Overview of the Publication
The resource is an academic article titled “Turning Tactics into Strategy: The Right to Stay Put and the Decommodification of Housing in Barcelona.” It is published by Critical Housing Analysis and authored by Luisa Rossini (ICS University of Lisbon) and Gabriele D’Adda (Politecnico di Torino). Both authors are active researchers in urban social movements and housing policy, and their affiliations indicate expertise in European housing issues. The article appears in Volume 12, Issue 1 (2025), pages 89‑101, and is available online through the publisher’s website and a public Vercel storage link.
Context of Barcelona’s Housing Crisis
Barcelona has faced severe housing precarity amplified by the 2007‑2008 global financial crisis, which enabled international financial actors to enter the Spanish real‑estate market. Between 2014 and 2020, purchase prices rose 38.7 % and new rental prices 39.6 %, far outpacing pre‑crisis levels. Social rental housing accounts for only 1.5 % of the city’s stock, well below the EU average of 9.3 % and France’s 14 %. Short‑term rental platforms such as Airbnb have intensified speculation, while REITs (SOCIMIs) have attracted large capital, further driving gentrification and evictions.
Grassroots Tactics and Their Evolution
Housing movements in Barcelona have employed a range of tactics: building occupations, “blocks in struggle,” legal mobilisations, and media campaigns. A notable tactic is the use of the right of first refusal and pre‑emption (tanteo y retracto), originally introduced by Catalan law 18/2007. This tool enables public administrations or cooperatives to purchase properties threatened with speculative sale, helping to preserve affordable housing and prevent evictions. Cases such as Aragó 477, Block Ruth, and Casa Orsola illustrate how occupations combined with legal pressure led to municipal acquisition or negotiated social‑rent contracts.

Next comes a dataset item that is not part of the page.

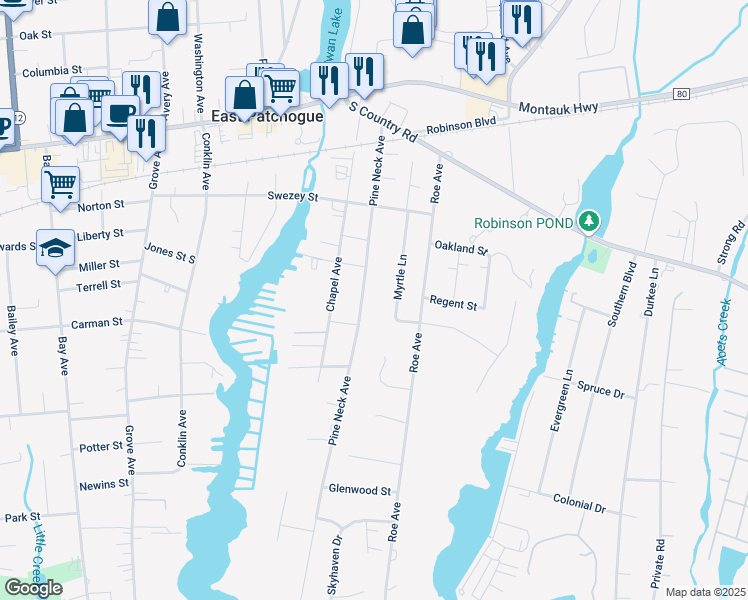 map of restaurants, bars, coffee shops, grocery stores, and more near 99 Pine Neck Avenue in Patchogue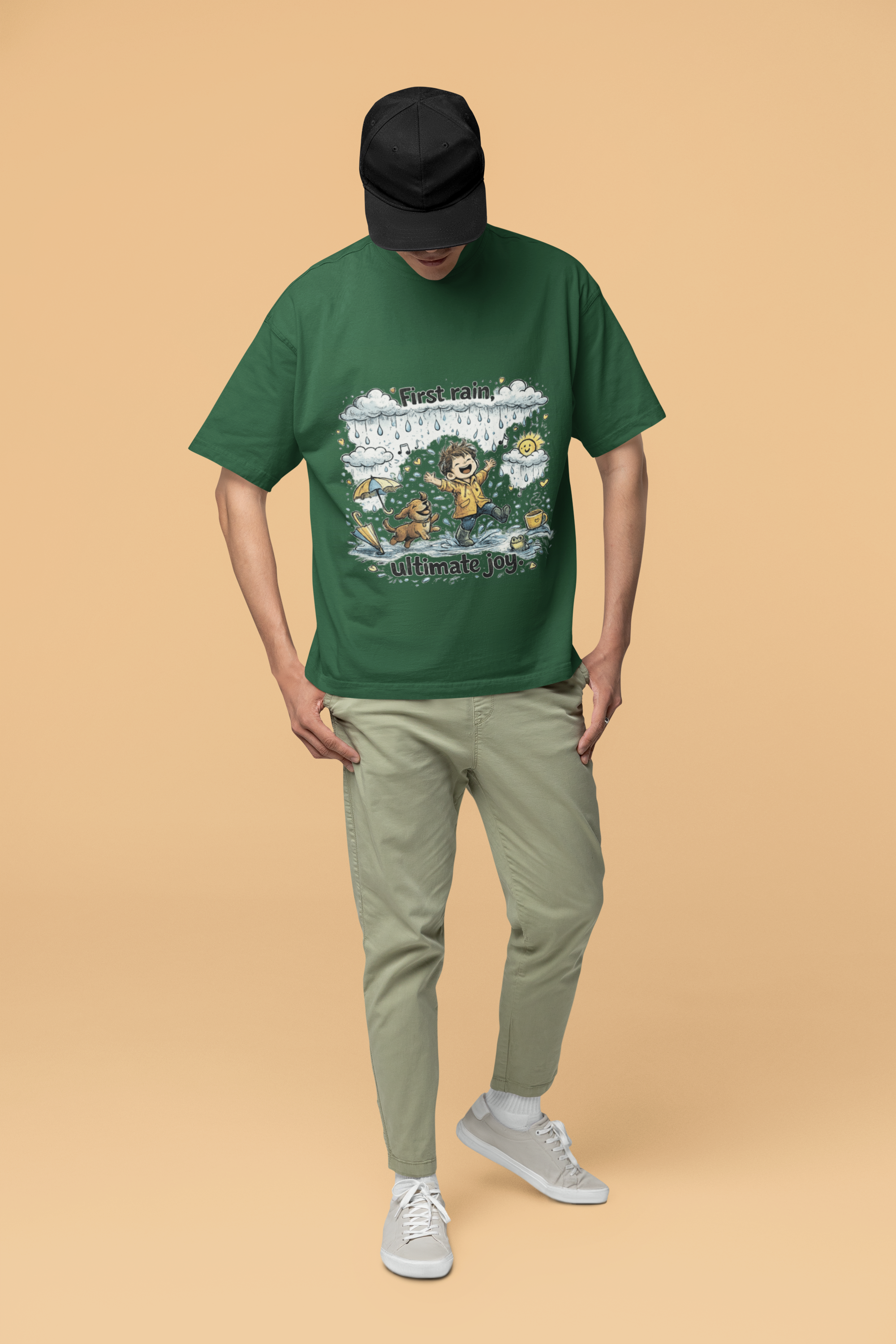 Snuggle Spot First Rain Ultimate Joy Mixed Shade Unisex Terry Oversized T-Shirt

Key Data on Legal Instruments and Outcomes
- Municipal acquisition of Casa Orsola: €9.2 million purchase secured social rental contracts for all tenants.
- Lioness Inversiones acquisition: 27‑unit building faced eviction threats; activist pressure resulted in city‑funded purchase.
- Tanteo y retracto limitation: municipalities must pay full market price; high acquisition costs often render the tool financially unfeasible.
- Social‑rent contracts: Catalan laws 24/2015 and 1/2022 obligate major landlords to offer social rent before eviction, yet compliance is inconsistent.
Collaboration Between Movements and Institutions
The article highlights growing cooperation between tenant unions, housing cooperatives, and municipal authorities. Cooperative models use the pre‑emption right to acquire buildings at lower cost, then manage them under a “cesión de uso” (use‑right) regime. Public‑private partnerships, such as the collaboration between Barcelona City Council and the non‑profit Habitat 3, demonstrate a strategic shift from purely confrontational actions to institutional engagement, facilitating the de‑commodification of housing stock.
Implications for Sustainable Housing Across Europe
Barcelona’s experience offers a replicable framework for other European cities confronting similar financialisation pressures. The combination of grassroots mobilisation, legal tools like tanteo y retracto, and co‑operative ownership aligns with sustainability goals by reducing the need for new construction, preserving existing urban fabric, and promoting long‑term affordable housing. The article underscores that effective de‑commodification requires political will, adequate funding, and integration of these tactics into broader housing strategies to achieve systemic change.
Conclusion and Future Directions
The study concludes that while grassroots tactics have successfully pressured authorities and secured concrete housing outcomes, structural challenges remain. High market prices, bureaucratic hurdles, and limited municipal resources constrain the scalability of pre‑emption mechanisms. Nonetheless, the documented cases illustrate a viable pathway for transforming tactical resistance into strategic policy influence, offering valuable insights for pan‑European stakeholders seeking sustainable, equitable housing solutions.